Illinois Compiled Statutes 815 ILCS 122 Payday Loan Reform Act. Section 2-5

    (815 ILCS 122/2-5)

    Sec. 2-5. Loan terms.

    (a) Without affecting the right of a consumer to prepay at any time without cost or penalty, no payday loan may have a minimum term of less than 13 days.

    (b) Except for an installment payday loan as defined in this Section, no payday loan may be made to a consumer if the loan would result in the consumer being indebted to one or more payday lenders for a period in excess of 45 consecutive days. Except as provided under subsection (c) of this Section and Section 2-40, if a consumer has or has had loans outstanding for a period in excess of 45 consecutive days, no payday lender may offer or make a loan to the consumer for at least 7 calendar days after the date on which the outstanding balance of all payday loans made during the 45 consecutive day period is paid in full. For purposes of this subsection, the term "consecutive days" means a series of continuous calendar days in which the consumer has an outstanding balance on one or more payday loans; however, if a payday loan is made to a consumer within 6 days or less after the outstanding balance of all loans is paid in full, those days are counted as "consecutive days" for purposes of this subsection.

    (c) Notwithstanding anything in this Act to the contrary, a payday loan shall also include any installment loan otherwise meeting the definition of payday loan contained in Section 1-10, but that has a term agreed by the parties of not less than 112 days and not exceeding 180 days; hereinafter an "installment payday loan". The following provisions shall apply:

        (i) Any installment payday loan must be fully

    amortizing, with a finance charge calculated on the principal balances scheduled to be outstanding and be repayable in substantially equal and consecutive installments, according to a payment schedule agreed by the parties with not less than 13 days and not more than one month between payments; except that the first installment period may be longer than the remaining installment periods by not more than 15 days, and the first installment payment may be larger than the remaining installment payments by the amount of finance charges applicable to the extra days. In calculating finance charges under this subsection, when the first installment period is longer than the remaining installment periods, the amount of the finance charges applicable to the extra days shall not be greater than $15.50 per $100 of the original principal balance divided by the number of days in a regularly scheduled installment period and multiplied by the number of extra days determined by subtracting the number of days in a regularly scheduled installment period from the number of days in the first installment period.

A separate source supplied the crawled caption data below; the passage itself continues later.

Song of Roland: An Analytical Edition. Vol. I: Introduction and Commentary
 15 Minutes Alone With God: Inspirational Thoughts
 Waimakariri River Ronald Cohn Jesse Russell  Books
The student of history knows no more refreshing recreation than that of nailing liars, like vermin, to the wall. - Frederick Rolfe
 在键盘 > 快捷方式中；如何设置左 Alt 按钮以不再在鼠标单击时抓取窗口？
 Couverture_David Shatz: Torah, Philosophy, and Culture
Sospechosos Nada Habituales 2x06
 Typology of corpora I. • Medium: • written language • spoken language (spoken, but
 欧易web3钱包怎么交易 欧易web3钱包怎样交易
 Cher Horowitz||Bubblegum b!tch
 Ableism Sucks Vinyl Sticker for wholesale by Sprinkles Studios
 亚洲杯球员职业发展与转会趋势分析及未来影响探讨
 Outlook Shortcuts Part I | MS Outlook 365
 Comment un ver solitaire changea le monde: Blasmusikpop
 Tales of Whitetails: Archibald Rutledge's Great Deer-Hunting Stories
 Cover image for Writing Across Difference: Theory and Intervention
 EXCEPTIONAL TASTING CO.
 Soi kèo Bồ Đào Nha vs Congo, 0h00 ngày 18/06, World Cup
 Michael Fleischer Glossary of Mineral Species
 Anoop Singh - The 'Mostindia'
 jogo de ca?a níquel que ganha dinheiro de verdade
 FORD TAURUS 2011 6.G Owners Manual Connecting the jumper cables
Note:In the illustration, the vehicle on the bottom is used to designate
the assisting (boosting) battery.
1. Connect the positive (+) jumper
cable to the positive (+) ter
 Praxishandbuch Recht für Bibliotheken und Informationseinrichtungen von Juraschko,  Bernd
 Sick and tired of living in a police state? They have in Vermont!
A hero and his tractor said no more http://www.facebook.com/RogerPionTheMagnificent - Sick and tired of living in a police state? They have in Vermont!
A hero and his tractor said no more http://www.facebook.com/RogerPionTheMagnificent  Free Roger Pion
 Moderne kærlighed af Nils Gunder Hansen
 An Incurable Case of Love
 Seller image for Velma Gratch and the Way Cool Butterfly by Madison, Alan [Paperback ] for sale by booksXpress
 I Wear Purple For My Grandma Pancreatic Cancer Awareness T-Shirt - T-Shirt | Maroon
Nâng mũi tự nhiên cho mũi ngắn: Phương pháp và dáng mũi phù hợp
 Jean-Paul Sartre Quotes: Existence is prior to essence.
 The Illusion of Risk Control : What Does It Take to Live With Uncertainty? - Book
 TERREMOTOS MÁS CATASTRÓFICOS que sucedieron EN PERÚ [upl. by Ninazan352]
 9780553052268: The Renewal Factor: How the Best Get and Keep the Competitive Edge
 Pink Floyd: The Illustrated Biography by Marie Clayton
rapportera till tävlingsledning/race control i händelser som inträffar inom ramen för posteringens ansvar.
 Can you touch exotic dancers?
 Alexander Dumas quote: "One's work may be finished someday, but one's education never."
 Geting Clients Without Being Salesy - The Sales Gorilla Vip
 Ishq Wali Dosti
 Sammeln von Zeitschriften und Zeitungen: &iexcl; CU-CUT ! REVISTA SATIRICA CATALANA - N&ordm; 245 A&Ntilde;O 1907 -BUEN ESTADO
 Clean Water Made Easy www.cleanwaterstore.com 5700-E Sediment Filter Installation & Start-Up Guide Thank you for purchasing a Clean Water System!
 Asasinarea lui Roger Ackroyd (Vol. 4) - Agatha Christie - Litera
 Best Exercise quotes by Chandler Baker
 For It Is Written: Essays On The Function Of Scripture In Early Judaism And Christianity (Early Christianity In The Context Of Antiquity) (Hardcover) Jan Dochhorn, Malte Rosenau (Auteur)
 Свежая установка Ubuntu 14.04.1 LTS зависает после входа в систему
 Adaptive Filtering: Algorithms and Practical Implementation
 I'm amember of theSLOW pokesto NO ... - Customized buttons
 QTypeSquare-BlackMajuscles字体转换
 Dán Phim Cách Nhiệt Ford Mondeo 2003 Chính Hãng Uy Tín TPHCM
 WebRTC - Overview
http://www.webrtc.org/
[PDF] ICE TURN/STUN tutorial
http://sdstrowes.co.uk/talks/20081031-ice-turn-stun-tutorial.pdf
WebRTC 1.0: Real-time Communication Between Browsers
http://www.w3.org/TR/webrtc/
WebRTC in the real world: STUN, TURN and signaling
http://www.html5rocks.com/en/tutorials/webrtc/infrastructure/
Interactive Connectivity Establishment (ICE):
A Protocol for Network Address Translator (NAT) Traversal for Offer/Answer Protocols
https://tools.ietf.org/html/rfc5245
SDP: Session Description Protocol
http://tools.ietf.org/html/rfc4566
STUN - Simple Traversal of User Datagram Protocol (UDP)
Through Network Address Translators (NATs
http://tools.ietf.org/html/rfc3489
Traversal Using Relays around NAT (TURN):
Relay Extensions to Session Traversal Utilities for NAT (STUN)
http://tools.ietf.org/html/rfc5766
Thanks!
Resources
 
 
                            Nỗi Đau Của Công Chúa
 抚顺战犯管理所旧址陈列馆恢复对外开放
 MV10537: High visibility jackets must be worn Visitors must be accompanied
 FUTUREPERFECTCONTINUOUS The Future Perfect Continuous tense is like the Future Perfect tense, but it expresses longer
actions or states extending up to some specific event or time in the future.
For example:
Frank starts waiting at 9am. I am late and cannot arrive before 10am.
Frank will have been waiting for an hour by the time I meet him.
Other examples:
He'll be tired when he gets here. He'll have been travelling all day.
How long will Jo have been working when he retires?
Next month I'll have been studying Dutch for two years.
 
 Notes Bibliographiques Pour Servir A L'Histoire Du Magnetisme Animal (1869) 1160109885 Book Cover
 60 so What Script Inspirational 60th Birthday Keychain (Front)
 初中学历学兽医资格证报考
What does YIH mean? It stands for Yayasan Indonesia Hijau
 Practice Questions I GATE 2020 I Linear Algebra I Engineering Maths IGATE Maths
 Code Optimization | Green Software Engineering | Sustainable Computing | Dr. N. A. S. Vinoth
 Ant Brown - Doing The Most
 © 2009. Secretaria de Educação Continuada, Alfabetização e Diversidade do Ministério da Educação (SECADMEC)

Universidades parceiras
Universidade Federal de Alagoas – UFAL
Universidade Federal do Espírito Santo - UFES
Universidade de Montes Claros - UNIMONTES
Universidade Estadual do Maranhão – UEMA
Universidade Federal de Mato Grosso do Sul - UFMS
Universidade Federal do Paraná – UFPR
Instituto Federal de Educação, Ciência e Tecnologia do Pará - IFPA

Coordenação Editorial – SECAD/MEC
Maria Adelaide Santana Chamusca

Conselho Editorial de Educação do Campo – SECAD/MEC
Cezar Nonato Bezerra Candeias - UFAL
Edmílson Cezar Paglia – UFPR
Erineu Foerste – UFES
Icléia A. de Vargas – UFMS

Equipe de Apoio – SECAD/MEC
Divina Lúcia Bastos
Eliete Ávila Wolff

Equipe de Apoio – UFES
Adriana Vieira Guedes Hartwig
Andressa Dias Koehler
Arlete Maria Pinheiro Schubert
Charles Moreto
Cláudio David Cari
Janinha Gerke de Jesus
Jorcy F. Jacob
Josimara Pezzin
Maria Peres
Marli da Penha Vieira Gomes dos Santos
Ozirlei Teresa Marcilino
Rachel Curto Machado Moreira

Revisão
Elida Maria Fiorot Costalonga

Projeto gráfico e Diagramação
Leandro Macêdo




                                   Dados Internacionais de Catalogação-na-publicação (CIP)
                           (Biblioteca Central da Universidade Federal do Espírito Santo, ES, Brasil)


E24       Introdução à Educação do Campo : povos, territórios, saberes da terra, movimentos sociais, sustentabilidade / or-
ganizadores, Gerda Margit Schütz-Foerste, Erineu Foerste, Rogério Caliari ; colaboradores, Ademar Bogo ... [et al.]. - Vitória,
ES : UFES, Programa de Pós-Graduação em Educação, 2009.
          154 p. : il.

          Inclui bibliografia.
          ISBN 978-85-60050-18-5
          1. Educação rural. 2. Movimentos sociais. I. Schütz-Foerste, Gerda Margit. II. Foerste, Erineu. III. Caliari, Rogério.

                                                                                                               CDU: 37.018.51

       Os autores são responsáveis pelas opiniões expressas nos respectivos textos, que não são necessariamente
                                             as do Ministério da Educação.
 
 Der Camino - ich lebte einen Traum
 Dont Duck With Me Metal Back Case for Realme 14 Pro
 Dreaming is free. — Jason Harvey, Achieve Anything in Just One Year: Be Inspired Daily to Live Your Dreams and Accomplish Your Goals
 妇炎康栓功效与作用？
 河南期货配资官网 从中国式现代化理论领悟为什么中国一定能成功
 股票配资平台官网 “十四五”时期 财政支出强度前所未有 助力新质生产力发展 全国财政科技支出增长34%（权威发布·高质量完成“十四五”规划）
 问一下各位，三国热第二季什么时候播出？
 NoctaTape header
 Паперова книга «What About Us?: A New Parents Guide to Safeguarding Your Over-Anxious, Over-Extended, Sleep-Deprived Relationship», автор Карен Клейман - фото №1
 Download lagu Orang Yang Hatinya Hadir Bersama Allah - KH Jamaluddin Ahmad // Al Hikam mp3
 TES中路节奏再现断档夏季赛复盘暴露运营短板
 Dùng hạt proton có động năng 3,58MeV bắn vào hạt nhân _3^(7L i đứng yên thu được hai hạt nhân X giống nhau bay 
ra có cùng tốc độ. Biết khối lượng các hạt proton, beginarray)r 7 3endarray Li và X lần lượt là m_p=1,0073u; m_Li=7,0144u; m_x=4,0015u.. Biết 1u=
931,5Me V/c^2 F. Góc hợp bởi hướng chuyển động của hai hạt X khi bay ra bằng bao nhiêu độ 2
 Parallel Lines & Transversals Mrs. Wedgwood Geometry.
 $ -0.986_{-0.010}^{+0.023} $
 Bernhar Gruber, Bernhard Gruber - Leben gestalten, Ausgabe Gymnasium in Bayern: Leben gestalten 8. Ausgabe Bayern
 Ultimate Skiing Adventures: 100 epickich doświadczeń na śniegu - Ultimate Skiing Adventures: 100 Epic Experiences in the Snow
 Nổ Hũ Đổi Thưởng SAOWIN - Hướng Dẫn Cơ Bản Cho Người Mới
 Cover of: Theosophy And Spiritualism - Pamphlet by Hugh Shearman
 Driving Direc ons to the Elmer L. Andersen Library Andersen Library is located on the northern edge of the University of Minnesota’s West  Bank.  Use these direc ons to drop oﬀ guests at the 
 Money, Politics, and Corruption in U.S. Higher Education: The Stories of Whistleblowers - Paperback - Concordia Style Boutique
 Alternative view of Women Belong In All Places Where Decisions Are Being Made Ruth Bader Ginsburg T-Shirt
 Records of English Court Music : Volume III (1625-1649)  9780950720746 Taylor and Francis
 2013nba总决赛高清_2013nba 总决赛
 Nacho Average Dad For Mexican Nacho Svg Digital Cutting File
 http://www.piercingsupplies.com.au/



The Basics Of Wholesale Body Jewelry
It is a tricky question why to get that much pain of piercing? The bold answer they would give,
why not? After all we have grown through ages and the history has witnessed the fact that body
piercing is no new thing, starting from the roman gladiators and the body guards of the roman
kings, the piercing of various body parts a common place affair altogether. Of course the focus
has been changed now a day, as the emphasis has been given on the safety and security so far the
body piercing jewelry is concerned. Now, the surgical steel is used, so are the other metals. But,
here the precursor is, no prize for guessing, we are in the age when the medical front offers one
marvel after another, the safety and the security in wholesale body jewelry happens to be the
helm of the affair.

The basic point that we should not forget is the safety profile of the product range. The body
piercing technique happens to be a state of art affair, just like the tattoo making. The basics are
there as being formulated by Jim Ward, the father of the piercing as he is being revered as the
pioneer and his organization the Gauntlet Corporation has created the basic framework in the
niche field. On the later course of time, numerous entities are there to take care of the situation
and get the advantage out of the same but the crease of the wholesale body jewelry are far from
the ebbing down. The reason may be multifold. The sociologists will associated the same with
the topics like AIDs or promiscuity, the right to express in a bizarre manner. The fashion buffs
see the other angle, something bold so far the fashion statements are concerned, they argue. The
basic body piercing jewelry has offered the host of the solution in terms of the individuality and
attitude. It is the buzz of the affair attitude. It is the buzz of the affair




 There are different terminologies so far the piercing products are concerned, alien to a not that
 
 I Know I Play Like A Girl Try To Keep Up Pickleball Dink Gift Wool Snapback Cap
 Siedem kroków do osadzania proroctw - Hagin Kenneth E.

        (ii) An installment payday loan may be refinanced by

    a new installment payday loan one time during the term of the initial loan; provided that the total duration of indebtedness on the initial installment payday loan combined with the total term of indebtedness of the new loan refinancing that initial loan, shall not exceed 180 days. For purposes of this Act, a refinancing occurs when an existing installment payday loan is paid from the proceeds of a new installment payday loan.

        (iii) In the event an installment payday loan is paid

    in full prior to the date on which the last scheduled installment payment before maturity is due, other than through a refinancing, no licensee may offer or make a payday loan to the consumer for at least 2 calendar days thereafter.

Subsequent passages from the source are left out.